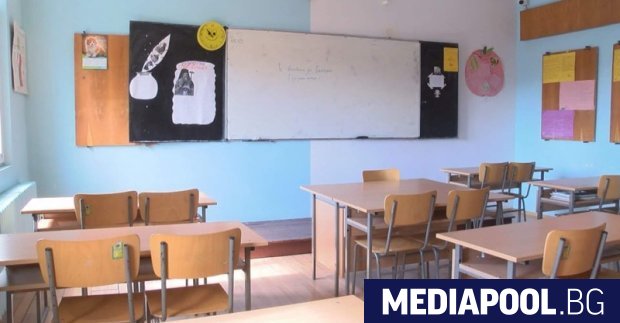 Държавата е изпразнила сметките на държавните училища и центрове за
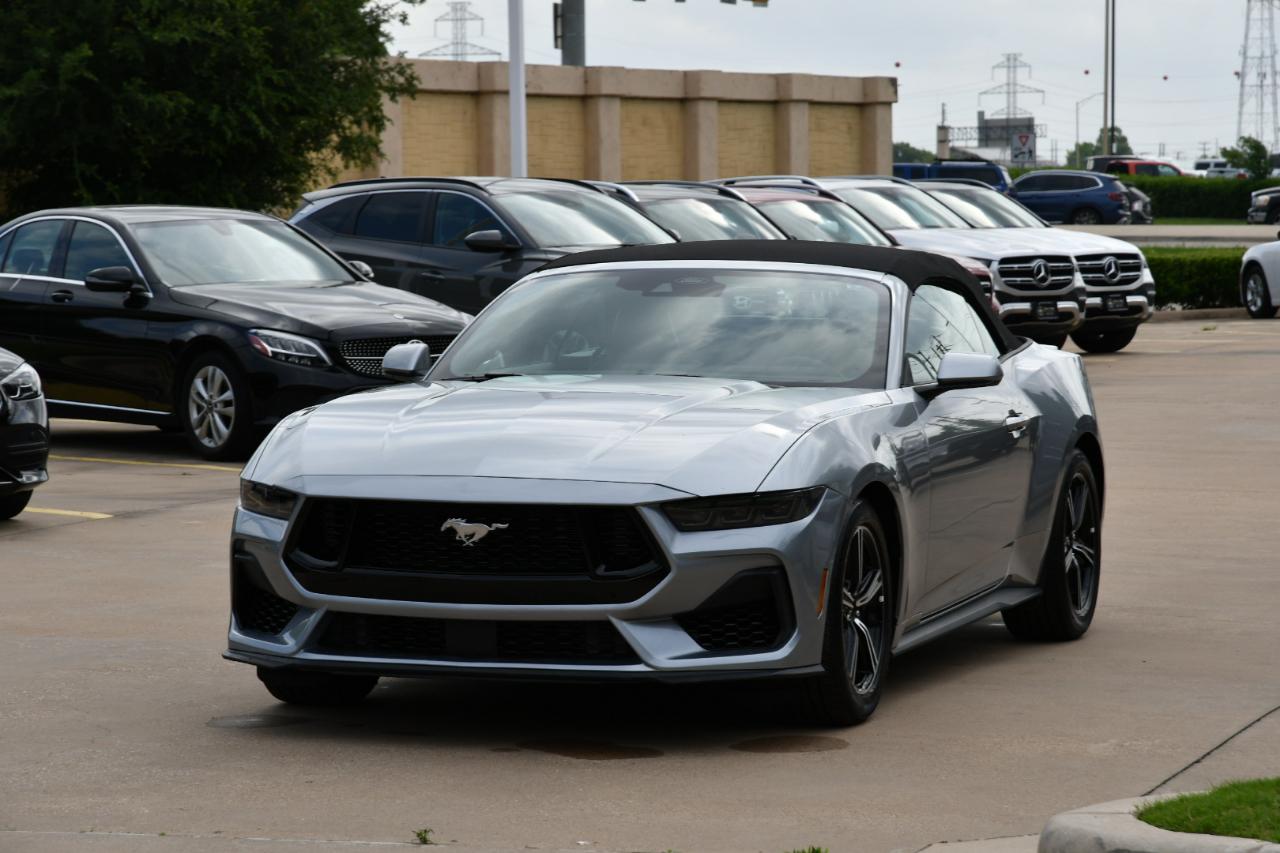 Ford Mustang EcoBoost Convertible 2025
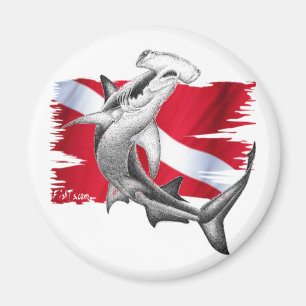 Dykflagga med hammerheadhaj-dykare besegrar magnet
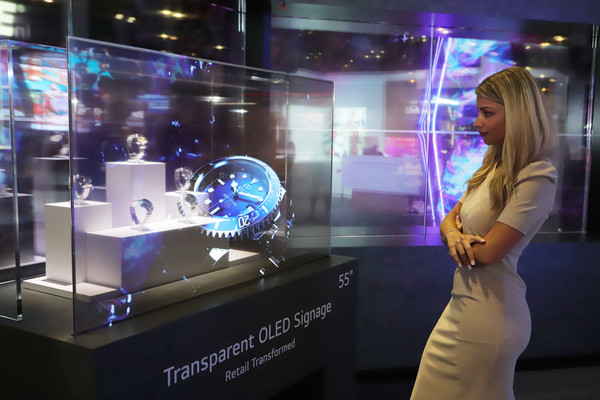 LG전자는 마이크로 LED, 투명 올레드 등 차세대 디스플레이를 앞세워 다양한 공간별 맞춤형 솔루션을 선보인다. LG전자 모델이 투명 올레드 사이니지를 통해 제품 정보와 실제 제품을 동시에 보여주는 진열 케이스를 체험하고 있다. 사진=LG전자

■ TRY IT: Go through the material above and retype every line exactly, without the images.

■ SOLUTION BELOW:
 Държавата е изпразнила сметките на държавните училища и центрове за
 Ford Mustang EcoBoost Convertible 2025
 Dykflagga med hammerheadhaj-dykare besegrar magnet
 LG전자는 마이크로 LED, 투명 올레드 등 차세대 디스플레이를 앞세워 다양한 공간별 맞춤형 솔루션을 선보인다. LG전자 모델이 투명 올레드 사이니지를 통해 제품 정보와 실제 제품을 동시에 보여주는 진열 케이스를 체험하고 있다. 사진=LG전자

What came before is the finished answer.